Monday 26 September 2011

Bitcoin Bonds and "Too Big To Fail"

One aspect of the financial system crucial to the capitalist system is borrowing. Companies borrow money so they can invest. This might be for example to build a new factory or develop new technology. Ignoring equities for now, money borrowed is usually in the form of bonds or loans; Alice gives $1000 to Bob on the condition that Bob pays her back the $1000 at a specified later date as well as $20 each year as an incentive for Alice to put up the cash.

Bonds are big. According to wikipedia the net value of outstanding bonds is $82 trillion. In 2010, $3 trillion worth of corporate bonds were issued. Bloomberg reported in Dec 2010 that GE Capital alone planned on issuing $25 billion through 2011. AT&T will be required to pay back (or rollover) $10 billion worth of bonds as they come due in 2011.

The question is, could bonds denominated in bitcoin be issued? Technologically, there's good reason to believe that the Open Transactions project will enable the issuing of bonds and other contracts that can be subsequently traded in a cryptographically secure manner. Since OT allows anyone to be the issuer of their own contracts, bonds could in principle be issued in bitcoins.
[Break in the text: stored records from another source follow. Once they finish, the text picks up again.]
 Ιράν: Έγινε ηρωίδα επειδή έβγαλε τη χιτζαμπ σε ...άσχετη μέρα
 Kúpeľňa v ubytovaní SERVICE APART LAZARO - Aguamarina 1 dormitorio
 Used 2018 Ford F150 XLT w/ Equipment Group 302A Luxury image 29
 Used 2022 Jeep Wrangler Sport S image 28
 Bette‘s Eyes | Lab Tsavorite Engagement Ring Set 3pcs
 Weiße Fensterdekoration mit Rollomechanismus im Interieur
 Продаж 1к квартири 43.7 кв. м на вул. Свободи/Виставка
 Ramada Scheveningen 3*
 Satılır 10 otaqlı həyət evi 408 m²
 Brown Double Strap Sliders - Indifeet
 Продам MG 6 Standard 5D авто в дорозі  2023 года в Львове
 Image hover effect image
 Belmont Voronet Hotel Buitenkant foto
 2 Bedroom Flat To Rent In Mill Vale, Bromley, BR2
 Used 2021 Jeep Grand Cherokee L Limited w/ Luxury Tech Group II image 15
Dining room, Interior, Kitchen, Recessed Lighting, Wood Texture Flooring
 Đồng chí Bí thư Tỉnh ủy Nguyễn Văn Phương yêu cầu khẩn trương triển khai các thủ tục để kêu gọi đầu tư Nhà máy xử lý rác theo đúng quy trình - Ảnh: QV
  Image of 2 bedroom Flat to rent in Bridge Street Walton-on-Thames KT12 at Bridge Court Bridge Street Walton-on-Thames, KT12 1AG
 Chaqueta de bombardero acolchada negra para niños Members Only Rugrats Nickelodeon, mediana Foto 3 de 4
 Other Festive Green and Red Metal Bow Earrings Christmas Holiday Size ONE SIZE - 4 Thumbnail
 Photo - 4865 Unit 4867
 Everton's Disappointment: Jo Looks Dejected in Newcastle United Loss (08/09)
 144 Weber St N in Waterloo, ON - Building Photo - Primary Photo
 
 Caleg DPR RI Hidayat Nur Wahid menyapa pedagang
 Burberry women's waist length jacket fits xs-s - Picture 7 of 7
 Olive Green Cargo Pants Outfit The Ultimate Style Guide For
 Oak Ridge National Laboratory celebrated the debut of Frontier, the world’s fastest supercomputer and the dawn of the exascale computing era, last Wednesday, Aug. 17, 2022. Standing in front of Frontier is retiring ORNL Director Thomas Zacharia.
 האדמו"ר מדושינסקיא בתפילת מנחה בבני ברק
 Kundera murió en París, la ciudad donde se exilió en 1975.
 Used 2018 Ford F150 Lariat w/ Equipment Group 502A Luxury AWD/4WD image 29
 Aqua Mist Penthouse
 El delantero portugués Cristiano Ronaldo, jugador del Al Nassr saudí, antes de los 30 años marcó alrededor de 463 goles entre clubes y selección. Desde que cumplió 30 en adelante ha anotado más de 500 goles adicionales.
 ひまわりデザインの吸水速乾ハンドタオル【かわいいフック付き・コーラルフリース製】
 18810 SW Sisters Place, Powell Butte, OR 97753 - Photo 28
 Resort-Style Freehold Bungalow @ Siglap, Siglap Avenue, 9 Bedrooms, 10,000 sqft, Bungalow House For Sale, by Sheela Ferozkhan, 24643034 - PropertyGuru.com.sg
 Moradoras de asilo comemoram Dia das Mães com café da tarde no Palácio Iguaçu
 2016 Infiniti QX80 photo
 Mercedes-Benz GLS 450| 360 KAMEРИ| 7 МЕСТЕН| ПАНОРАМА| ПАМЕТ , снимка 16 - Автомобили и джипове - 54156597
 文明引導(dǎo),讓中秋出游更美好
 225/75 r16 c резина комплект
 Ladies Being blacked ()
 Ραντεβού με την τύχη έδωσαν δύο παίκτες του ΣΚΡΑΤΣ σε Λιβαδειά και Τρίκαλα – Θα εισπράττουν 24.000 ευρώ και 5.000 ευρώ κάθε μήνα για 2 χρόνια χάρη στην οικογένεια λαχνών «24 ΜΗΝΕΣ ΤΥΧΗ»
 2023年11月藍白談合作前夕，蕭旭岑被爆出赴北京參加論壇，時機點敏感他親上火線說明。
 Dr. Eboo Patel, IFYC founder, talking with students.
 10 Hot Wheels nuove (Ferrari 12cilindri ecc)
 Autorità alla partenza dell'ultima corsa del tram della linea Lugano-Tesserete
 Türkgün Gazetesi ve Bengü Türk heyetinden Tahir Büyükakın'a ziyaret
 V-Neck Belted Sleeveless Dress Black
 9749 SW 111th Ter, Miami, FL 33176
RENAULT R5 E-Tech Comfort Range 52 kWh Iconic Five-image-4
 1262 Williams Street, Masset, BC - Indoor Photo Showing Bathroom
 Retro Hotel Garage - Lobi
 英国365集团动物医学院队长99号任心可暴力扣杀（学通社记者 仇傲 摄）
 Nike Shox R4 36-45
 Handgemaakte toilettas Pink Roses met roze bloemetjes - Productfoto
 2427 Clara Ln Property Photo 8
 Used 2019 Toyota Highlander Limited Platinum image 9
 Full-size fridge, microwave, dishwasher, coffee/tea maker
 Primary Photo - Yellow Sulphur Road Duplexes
However, there a problems of large bitcoins debts. Since the cost of trashing the blockchain is both finite and easily calculable from the current difficulty level and market price of electricity, this places an upper bound on the size of a bond that can be safely issued. If BadCorp were to find themselves in a situation where their total bond issuance is substantially higher than the 'attack price', it would make economic sense for them to do the following:

  1. Buy access to (possibly by buying the hardware) a mining pool with 50% of the global hashrate.
  2. Continually harass the blockchain by reverting blocks, enabling double-spend attacks and so on so that
  3. Everyone else loses trust in the blockchain leading to
  4. Market crash in the value of bitcoins.
  5. Now bitcoins are worth a small fraction of what they were, buy them up and pay back your debt.
Now one criticism of this fraud would seem to be that since it's highly illegal and pretty obvious, the bitcoin economy could rely on meatspace police to stop this market manipulation / fraud. But when you think about it, it's not that easy since there's nothing to link BadCorp to the blockchain destruction that happened. They would outsource 1 and 2 above to some criminal gang, and probably no one would even suspect, far less be able to prove, that BadCorp had anything to do with it. BadCorp would be indistinguishable from any other company that happened to denominate their bonds in bitcoin who also benefited from being able to pay back their debts cheaply. This kind of situation happens in the real world whenever a currency experiences hyper-inflation - debtors prosper.

The key problem here is not that the bondholder doesn't get paid; corporate defaults happen all the time. The problem is that the bond issuer has a financial incentive to trash the entire system. So one bond issuance from the wrong company could end in disaster for everyone. The same potential problem exists in the real world to the extent that a bondholder can manipulate the real currency. The reason this doesn't happen is that it's far, far harder to attack a real currency.

One implication of the above is that no potential bond buyers can trust a bond issued in excess of the bitcoin attack price. At today's levels, multimillion dollar-equivalent bitcoin bond issues will not happen, since investors would be sowing the seeds of their own destruction.

Are there more subtle problems? Probably, yes. For example what if a group of highly indebted entities conspire to bring down bitcoin? You could argue that bank bailouts during the credit crunch were a real-world form of this attack. "Too big to fail" was the attack vector used to devalue the currency and hence the debts. But while in the real world the attack price is measured in trillions of dollars, in bitcoin it is measured in millions of dollars.